Thanks a lot brianshaw. I'll be sure to get some answers on this topic.


----------



## foody518 (Aug 6, 2015)

How do you sharpen/how do you recommend others sharpen?


----------



## rick alan (Nov 15, 2012)

Actually most chefs it seems know very little about knives themselves or knife sharpening and in that respect are just about as needy as the average home cook. I'd say most even had very rudimentary knife skills. Those chefs who are knife savy though are a wealth of information, with understanding of the most esoteric things you would never even think of. But it's lateand I'll leave it here for tonight.


----------



## chrislehrer (Oct 9, 2008)

rick alan said:


> Actually most chefs it seems know very little about knives themselves or knife sharpening and in that respect are just about as needy as the average home cook. I'd say most even had very rudimentary knife skills. Those chefs who are knife savy though are a wealth of information, with understanding of the most esoteric things you would never even think of. But it's lateand I'll leave it here for tonight.

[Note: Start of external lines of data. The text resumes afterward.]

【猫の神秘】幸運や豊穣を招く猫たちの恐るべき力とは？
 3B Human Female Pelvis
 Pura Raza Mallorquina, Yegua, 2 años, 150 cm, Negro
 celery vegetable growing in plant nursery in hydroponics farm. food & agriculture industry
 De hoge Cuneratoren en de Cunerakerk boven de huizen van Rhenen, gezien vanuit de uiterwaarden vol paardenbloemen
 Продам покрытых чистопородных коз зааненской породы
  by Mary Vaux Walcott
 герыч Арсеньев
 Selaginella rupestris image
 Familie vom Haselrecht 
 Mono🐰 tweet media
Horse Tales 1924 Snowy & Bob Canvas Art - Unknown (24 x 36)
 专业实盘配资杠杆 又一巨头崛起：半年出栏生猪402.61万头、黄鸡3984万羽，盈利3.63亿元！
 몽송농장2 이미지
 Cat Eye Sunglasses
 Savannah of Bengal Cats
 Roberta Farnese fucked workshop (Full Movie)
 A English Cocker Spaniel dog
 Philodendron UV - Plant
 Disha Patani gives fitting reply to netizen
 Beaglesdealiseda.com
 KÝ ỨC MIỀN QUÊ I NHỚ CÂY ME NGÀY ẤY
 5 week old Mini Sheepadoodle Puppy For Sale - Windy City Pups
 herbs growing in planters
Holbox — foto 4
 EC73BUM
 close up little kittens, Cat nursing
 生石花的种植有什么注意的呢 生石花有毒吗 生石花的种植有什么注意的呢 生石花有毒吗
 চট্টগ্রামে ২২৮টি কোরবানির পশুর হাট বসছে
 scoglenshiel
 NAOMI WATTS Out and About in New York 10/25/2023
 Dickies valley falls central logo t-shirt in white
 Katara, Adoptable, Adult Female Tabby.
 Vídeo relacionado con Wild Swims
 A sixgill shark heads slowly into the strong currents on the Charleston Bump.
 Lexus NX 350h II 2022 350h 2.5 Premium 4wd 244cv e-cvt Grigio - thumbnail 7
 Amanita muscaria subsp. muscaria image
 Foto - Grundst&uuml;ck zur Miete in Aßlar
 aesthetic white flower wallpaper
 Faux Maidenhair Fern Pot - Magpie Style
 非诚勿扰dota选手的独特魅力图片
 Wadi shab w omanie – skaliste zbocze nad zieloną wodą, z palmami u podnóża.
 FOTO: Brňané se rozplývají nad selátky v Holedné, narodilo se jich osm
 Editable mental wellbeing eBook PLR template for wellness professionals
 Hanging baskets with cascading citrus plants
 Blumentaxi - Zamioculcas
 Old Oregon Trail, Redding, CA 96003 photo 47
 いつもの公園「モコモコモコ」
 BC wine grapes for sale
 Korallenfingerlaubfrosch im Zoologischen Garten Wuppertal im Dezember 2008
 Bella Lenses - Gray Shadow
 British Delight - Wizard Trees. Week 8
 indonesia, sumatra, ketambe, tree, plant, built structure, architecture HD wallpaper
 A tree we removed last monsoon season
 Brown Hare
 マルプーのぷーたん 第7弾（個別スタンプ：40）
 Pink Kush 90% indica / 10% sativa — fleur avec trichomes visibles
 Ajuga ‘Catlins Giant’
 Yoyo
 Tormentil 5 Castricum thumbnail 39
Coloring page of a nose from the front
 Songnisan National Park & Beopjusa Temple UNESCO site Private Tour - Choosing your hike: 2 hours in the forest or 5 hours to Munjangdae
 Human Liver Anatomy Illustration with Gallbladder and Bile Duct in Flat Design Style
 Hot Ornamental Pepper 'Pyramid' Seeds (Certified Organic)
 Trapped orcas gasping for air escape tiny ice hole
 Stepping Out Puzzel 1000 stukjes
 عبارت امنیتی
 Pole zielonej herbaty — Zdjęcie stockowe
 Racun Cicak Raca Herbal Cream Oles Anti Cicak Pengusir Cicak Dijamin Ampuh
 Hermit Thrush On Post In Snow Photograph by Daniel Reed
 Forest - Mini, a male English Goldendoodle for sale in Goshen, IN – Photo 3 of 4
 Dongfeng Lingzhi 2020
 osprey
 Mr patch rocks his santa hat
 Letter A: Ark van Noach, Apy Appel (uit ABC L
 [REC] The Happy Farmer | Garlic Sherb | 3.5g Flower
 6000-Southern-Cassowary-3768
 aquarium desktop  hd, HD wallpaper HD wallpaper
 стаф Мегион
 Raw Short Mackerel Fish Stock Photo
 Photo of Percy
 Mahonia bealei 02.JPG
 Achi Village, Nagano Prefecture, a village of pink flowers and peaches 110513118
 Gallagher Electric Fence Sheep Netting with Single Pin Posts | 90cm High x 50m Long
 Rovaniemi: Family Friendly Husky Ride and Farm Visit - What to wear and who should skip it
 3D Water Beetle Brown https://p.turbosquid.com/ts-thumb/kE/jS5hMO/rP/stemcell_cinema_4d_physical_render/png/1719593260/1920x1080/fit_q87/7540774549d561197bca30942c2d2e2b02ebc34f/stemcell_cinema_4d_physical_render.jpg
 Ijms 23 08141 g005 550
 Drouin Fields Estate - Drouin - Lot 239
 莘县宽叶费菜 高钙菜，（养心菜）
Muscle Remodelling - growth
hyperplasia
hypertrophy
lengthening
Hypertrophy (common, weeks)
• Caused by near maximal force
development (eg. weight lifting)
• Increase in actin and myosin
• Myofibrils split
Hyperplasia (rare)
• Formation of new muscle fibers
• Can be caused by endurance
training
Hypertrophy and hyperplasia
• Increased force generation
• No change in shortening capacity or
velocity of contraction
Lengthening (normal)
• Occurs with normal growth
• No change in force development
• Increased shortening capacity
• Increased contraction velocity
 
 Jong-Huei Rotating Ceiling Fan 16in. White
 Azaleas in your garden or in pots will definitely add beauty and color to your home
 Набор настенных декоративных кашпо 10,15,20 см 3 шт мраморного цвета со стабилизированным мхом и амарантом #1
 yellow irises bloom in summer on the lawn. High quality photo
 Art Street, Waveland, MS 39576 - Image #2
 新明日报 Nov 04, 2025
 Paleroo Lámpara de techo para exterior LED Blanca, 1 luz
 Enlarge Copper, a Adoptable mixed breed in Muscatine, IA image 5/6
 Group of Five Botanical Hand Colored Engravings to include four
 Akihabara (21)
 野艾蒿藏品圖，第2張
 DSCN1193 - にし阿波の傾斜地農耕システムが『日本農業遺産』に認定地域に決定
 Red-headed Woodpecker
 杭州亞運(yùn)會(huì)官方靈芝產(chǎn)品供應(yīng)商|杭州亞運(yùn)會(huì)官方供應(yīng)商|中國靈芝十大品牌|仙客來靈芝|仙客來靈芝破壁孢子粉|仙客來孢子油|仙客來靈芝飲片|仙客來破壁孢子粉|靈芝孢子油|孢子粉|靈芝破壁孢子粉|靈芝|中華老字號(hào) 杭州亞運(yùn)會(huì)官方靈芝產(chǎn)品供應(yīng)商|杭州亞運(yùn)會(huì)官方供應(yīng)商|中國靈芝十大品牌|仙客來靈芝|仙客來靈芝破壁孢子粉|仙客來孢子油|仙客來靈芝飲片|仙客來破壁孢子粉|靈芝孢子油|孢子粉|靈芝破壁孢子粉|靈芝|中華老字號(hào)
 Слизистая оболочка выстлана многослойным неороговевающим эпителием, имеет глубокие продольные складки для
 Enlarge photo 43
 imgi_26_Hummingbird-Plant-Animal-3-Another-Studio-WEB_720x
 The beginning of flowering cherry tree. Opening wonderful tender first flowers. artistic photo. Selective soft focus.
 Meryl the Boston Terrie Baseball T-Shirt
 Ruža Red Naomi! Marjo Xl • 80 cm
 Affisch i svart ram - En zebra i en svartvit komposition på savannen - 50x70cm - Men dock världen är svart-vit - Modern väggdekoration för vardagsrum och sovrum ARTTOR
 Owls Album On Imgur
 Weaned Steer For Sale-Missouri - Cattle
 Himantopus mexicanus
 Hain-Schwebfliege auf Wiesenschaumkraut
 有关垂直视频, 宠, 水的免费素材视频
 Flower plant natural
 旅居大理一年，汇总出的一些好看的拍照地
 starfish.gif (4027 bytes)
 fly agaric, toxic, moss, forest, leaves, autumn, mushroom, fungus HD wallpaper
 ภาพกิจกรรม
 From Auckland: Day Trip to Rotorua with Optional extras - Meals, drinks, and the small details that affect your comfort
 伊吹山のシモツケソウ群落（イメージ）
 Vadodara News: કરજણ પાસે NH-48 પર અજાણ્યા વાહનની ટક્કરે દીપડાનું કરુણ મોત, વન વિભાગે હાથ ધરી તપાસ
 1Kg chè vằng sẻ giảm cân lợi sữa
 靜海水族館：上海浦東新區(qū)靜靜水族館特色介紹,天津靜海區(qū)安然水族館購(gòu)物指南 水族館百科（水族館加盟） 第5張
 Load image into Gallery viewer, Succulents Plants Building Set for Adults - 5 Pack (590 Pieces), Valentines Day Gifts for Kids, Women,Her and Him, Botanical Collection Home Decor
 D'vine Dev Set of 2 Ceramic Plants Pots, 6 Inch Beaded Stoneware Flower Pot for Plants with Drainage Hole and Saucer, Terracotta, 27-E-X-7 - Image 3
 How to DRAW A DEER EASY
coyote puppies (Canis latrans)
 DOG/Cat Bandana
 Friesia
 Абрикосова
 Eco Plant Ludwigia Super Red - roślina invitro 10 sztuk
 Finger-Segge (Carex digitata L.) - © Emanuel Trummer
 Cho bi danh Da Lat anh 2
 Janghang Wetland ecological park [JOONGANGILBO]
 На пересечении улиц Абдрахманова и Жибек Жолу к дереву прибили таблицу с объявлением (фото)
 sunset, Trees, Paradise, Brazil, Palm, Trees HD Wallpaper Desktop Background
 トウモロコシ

I agree with Rick. The only high-end professional chefs I've ever met who know a great deal about knives use Japanese knives, and most of them are Japanese and trained in Japan. Gordon Ramsay is a good example here: nobody can seriously claim that a 3-star chef is a mediocrity, but nothing I've ever seen of his activity in a kitchen suggests that knives are a big deal for him.


----------



## cheflayne (Aug 21, 2004)

I would ask "What percentage of your time is spent on improving your knowledge of knives? What percentage of your time is spent on improving your knowledge of cuisine?"


----------



## foody518 (Aug 6, 2015)

Chris - for the little it's worth, he did a collab with Takamura some years ago. 
http://www.kinknives.com/gordon-ram...amsay-limited-edition-kin-knife-170mm-87.aspx
I'm not sure what his actual (not repping on TV shows or commercials) personal knives are though


----------



## rick alan (Nov 15, 2012)

chrislehrer said:


> I agree with Rick. The only high-end professional chefs I've ever met who know a great deal about knives use Japanese knives, and most of them are Japanese and trained in Japan. Gordon Ramsay is a good example here: nobody can seriously claim that a 3-star chef is a mediocrity, but nothing I've ever seen of his activity in a kitchen suggests that knives are a big deal for him.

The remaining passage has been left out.